DATA SECTION:
——
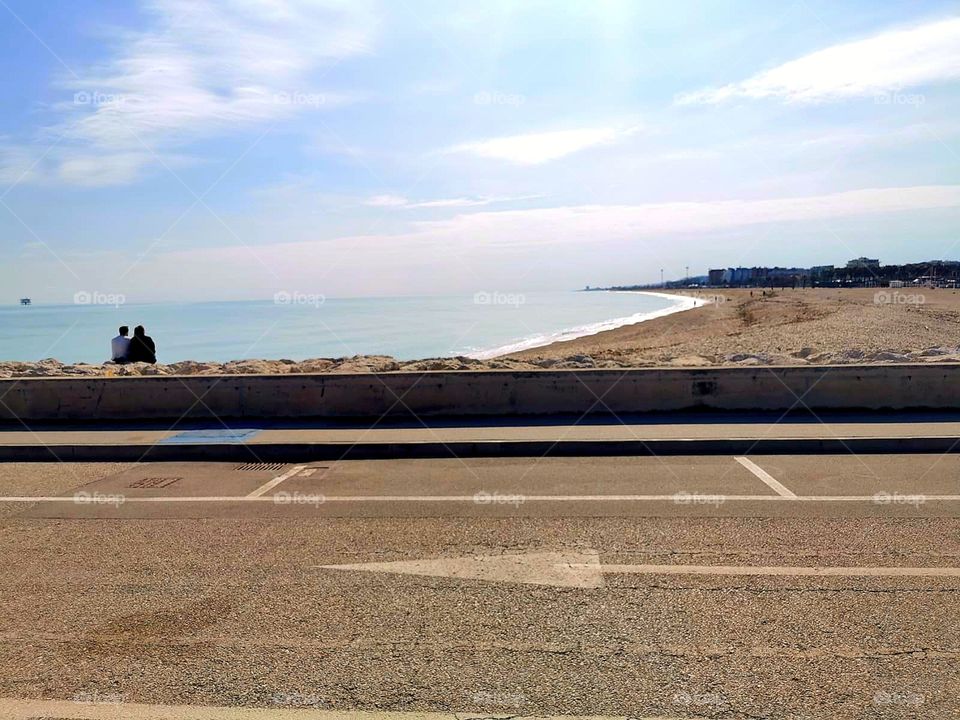 View of the seashore where lovers sit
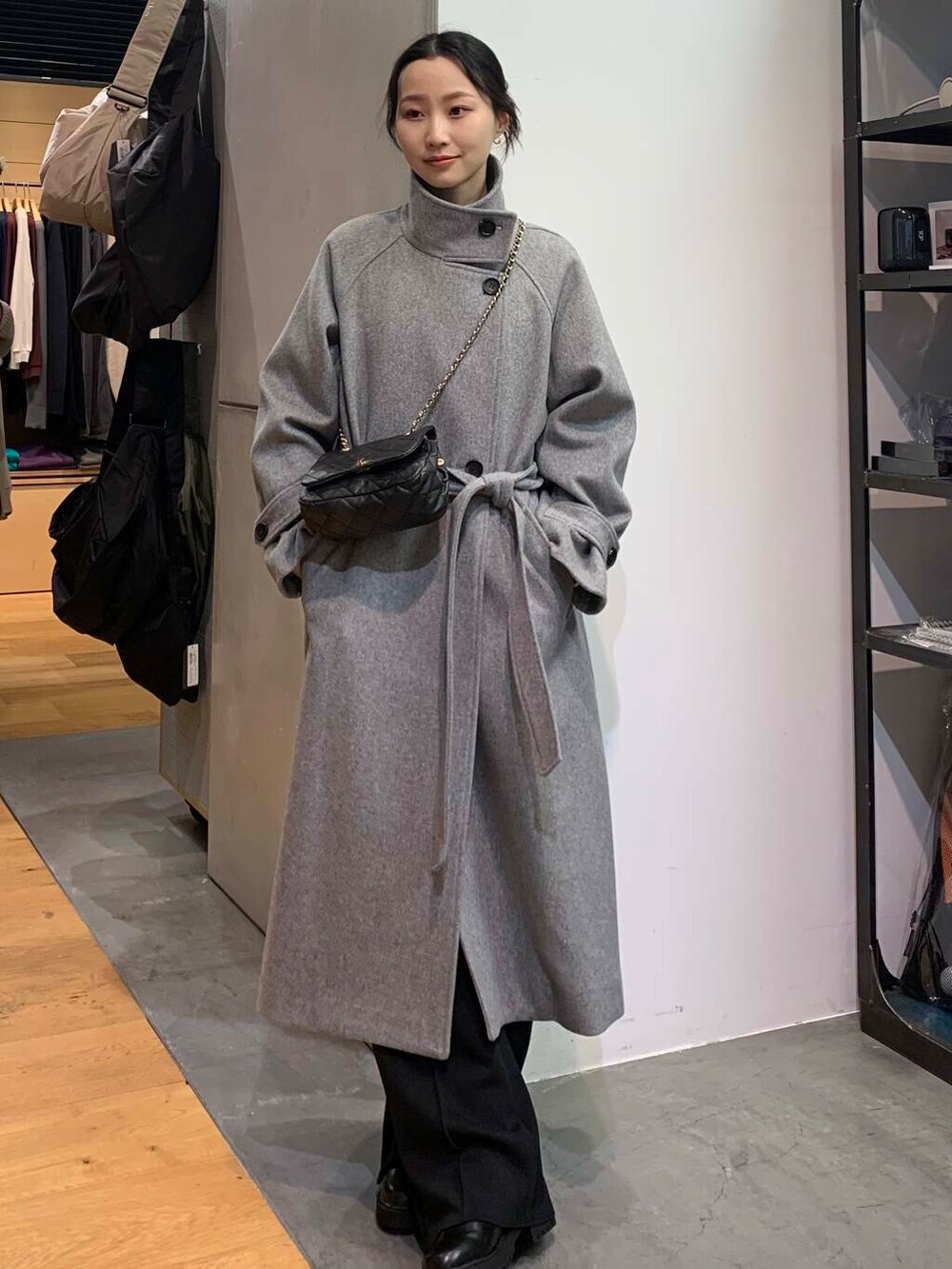 ブラック系のブーツ、ブラック系のショルダーバッグ、グレー系のその他アウターを着用したレディースの冬コーディネートの2枚目の写真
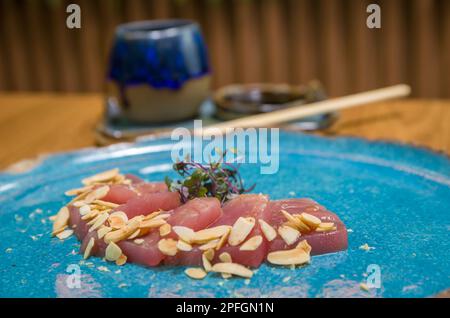 Deliziosi sashimi di tonno di prima qualità disposti su un elegante piatto fatto a mano. Foto Stock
——
Once the pictures are set aside, repeat the data above exactly as written.

SOLUTION:
 View of the seashore where lovers sit
 ブラック系のブーツ、ブラック系のショルダーバッグ、グレー系のその他アウターを着用したレディースの冬コーディネートの2枚目の写真
 Deliziosi sashimi di tonno di prima qualità disposti su un elegante piatto fatto a mano. Foto Stock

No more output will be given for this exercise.